Bir iki saniye saate boş boş baktıktan sonra birden gözlerime masama asılı Kardeş Gezegenler'e takılınca kaşlarım çatıldı. Aklıma dün gece resmi yaparken masada uyuyakaldığım gelirken yatakta oturur pozisyona geçtim ve kısa bir an etrafıma bakındım. Dün akşam açık bıraktığım balkon kapısının da kapalı olduğu gözüme takılırken üstümdeki ince yorganı çekerek yataktan kalktım ve oraya yöneldim. Uzanıp kapıyı açmayı denediğimde kilitli olmadığını görünce kaşlarım daha da çatıldı. Normalde ben dışında herkes bu kapıyı uyurken kilitli tutmamı söylerdi.
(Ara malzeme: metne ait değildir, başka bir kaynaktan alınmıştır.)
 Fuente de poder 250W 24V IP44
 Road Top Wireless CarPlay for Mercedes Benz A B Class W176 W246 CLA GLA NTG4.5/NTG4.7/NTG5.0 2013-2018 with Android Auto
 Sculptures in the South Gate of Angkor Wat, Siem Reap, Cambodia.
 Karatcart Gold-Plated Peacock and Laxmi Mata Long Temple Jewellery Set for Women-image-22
Çıplak ayaklarımla çalışma masamın önüne durup uzanarak defterimden koparılmış ve küçük bir bantla buraya tutturulmuş resmi elime aldım ve bir süre inceledikten sonra "Herhalde babam akşam odama gelip kapıyı kilitlemeyi unuttu." diye mırıldandım. Beni buradan alıp yatağıma yatırabilecek tek kişi oydu çünkü. Elimdeki resmin üstündeki bandı dikkatle çıkarıp onu yatağımın sol tarafında kalan mantar panoma taktım ve terliklerimi giyip ayaklarımı sürüyerek kapıya yöneldim. Tam açmak için kapı kolunu tutmuşken aklıma babamın odama gelmiş olduğu gerçeği gelince hızla çalışma masama döndüm ve test kitaplarımın üstüne bırakılmış ansiklopedinin iki altındaki test kitabını alıp arasına sakladığım belgeyi kontrol ettim.
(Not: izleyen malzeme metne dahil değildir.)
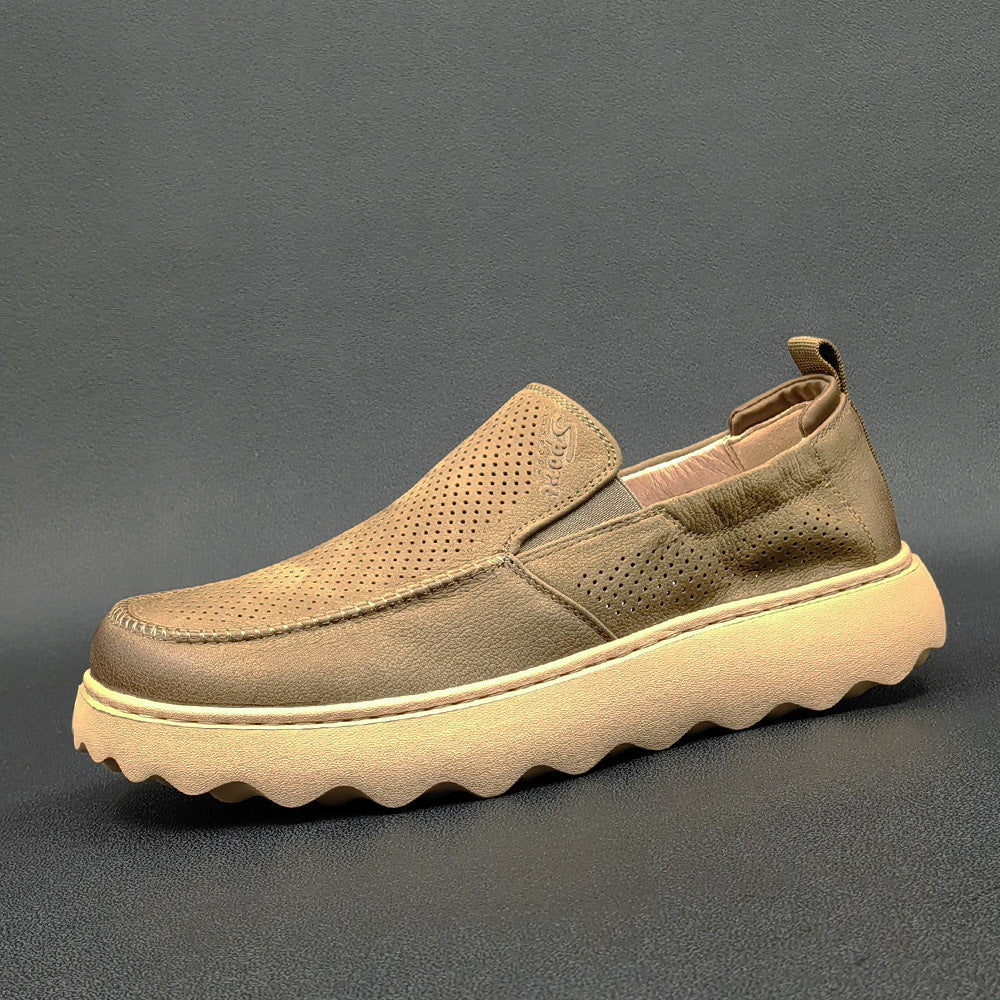Men Summer Breathable Hollow Leather Casual Loafers-RAIIFY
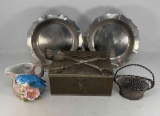 2 Pewter Plates, Silver Plate Salad Tongs, Wire Basket, Metal Box and Bird Creamer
Belgenin olduğu yerde durduğunu gördüğümde derin bir nefes aldım ve elimi alnıma koyarak gözümün önüne gelen saçlarımı geri ittim. Sonra belgeyi ve kitabı tekrar aynı yerine koydum ve bu sefer bir şey unutmadığımdan emin olarak odamdan çıktım. Merdivenleri yavaş yavaş inerken aşağıdan gelen sesler dikkatimi çekince hafiften kaşlarımı çattım. Evde bu saate birinin olması normal değildi. Genelde bu saate anne babam çoktan işe gitmiş olurdu ve akşama kadar da gelmezlerdi.
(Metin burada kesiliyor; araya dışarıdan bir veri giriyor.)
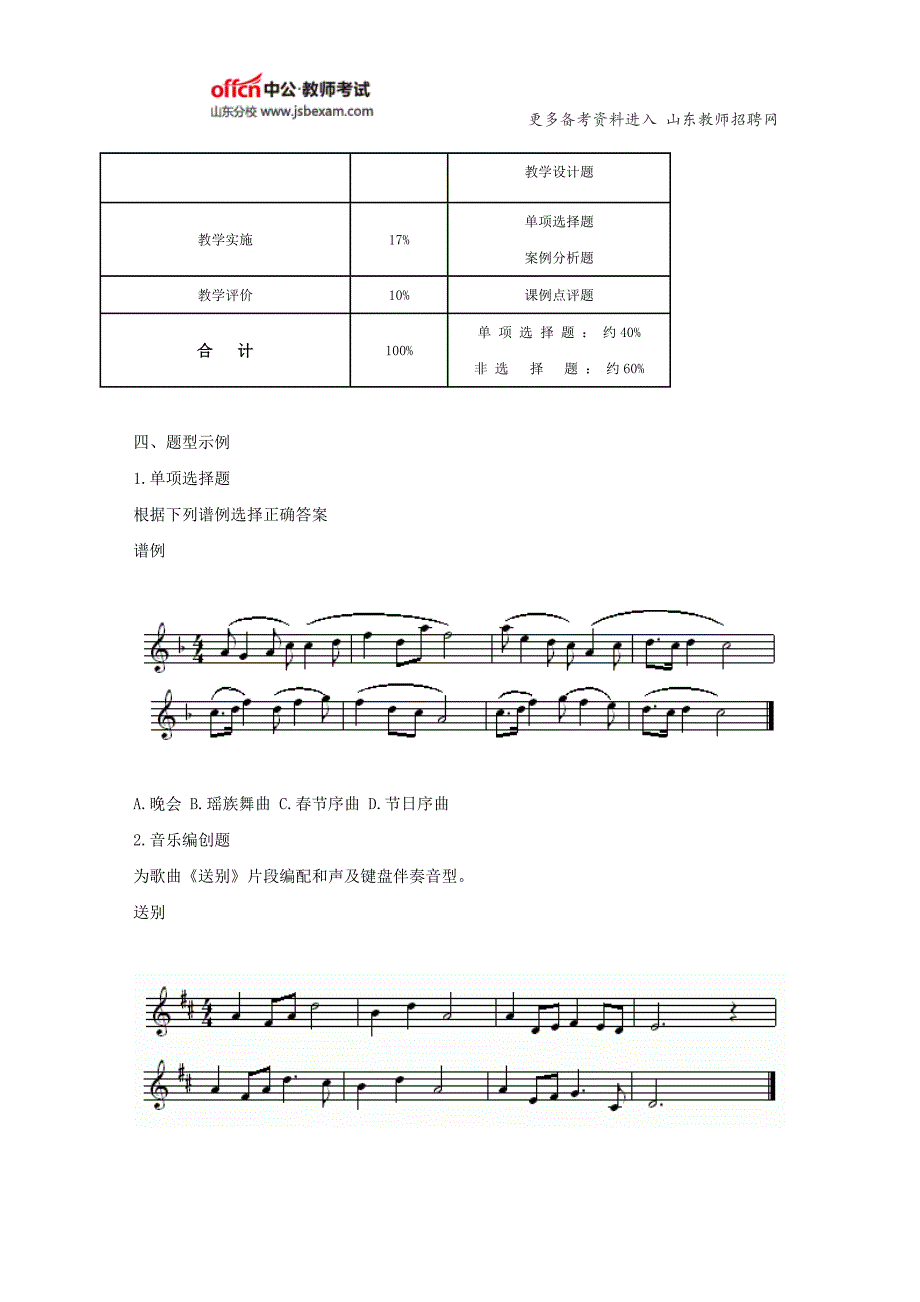 2016下半年山东教师资格证考试初中音乐考试大纲_第3页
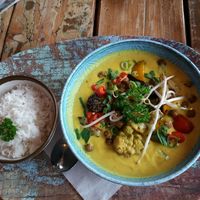 the curry with rice at De Zeemeeuw in Noordwijk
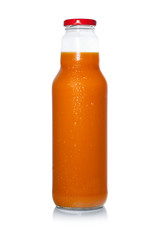 Bottle with carrot juice isolated on white background.
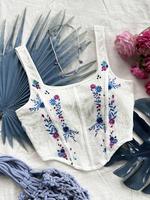 Women's Floral Embroidery Crop Tank Top, Boho Chic Sleeveless Top for Summer, Ladies Bohemian Clothes for Beach Holiday Vacat...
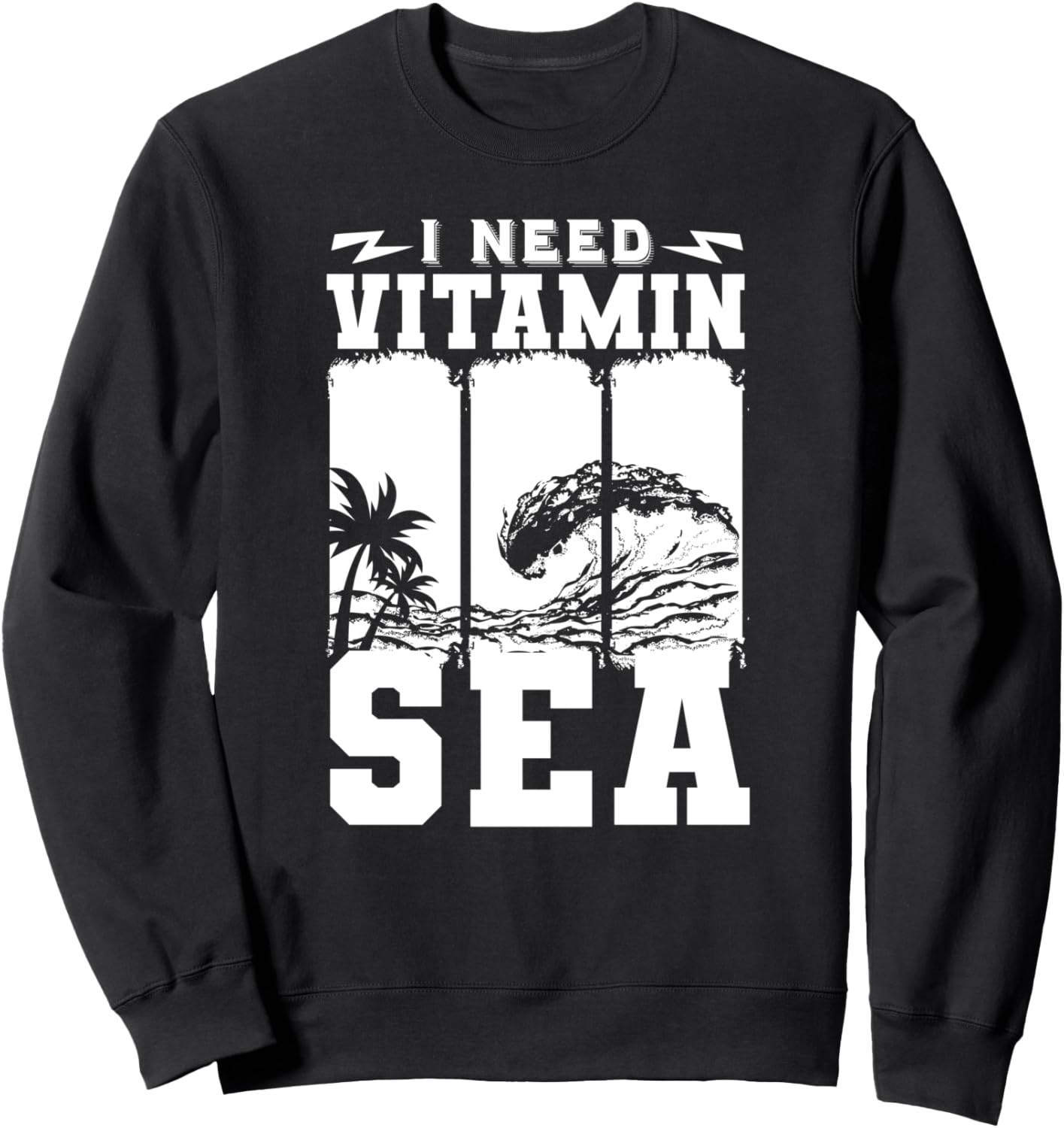 

Мне нужен витамин С - Забавная толстовка для серферов Need Vitamin Sea, черный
Aşağıya indiğimde beni fark eden Safiye abla "Ah işte geldi." deyince onun önündeki kumral çocuk da arkasını dönerek bana baktı. Gözlerimle buluşan yeşil gözlerle benim elalarım büyürken şaşkınlıkla "Onur." diye konuştum. Ben onun burada ne işi olduğunu düşünürken o beni baştan aşağıya süzüp "Birileri daha yeni uyanmış sanırım." deyince gözlerimi ondan alarak üstüme kısa bir bakış attım.
Kahretsin!
Gözlerimi şirin polar geceliklerimden alıp büyük ihtimal birbirine girmiş gibi görünen saçlarımı kulağımın arkasına ittim ve "Öyle oldu." diye mırıldandı. Safiye abla bizi yalnız bırakmak için mutfağa geçerken merdivenlerde dikilmenin saçma olduğuna kanaat getirip yavaş adımlarla gidip karşısında durdum ve "Burada ne işin olduğunu sorsam kabalık mı etmiş olurum?" diye sordum. Onur hafifçe gülerek o güzel gamzesini bana sundu ve "Tabii ki hayır, asıl ben buraya geldiğimi haber vermeyerek kabalık ettim ama bende numaran yoktu." dedi. Gülüşü kalbimi hızlanırken ben de hafifçe gülüp "Numaran yok ama ev adresim mi var?" diye sorduğumda kaşlarını kaldırarak "Geçenlerde seni evine bırakmıştım." diye hatırlatırcasına konuşunca elimi alnıma vurarak "Doğru ya, unutmuşum." diye mırıldandım.
Geçen sene, yani üçüncü sınıfta bir gün hasta olduğum için eve gidecekken Onur benim halsizliğimi fark ederken nasıl olduğumu sormuş ve iyi olmadığımı çok geçmeden anlayıp beni eve bırakmayı teklif etmişti. Kendisi bizden bir yaş büyük olduğu için ehliyeti de vardı ve ben de o halsizlikle Dursun abiyi -şoförüm olur kendisi- beklemek istemediğim için buna itiraz etmemiştim.
ŞİMDİ OKUDUĞUN
SAKLAMBAÇ
Teen FictionHey selam! Ben Güneş, Güneş Esendemir. Ve bu benim hikayem. Hikayem, ben daha ortaokul beşinci sınıftayken çocukluk arkadaşım ve aynı zamanda aşkımın beni bırakıp ailesiyle beraber bu ülkeden ayrılması ve benim o geri dönene kadar onu nasıl beklediğ...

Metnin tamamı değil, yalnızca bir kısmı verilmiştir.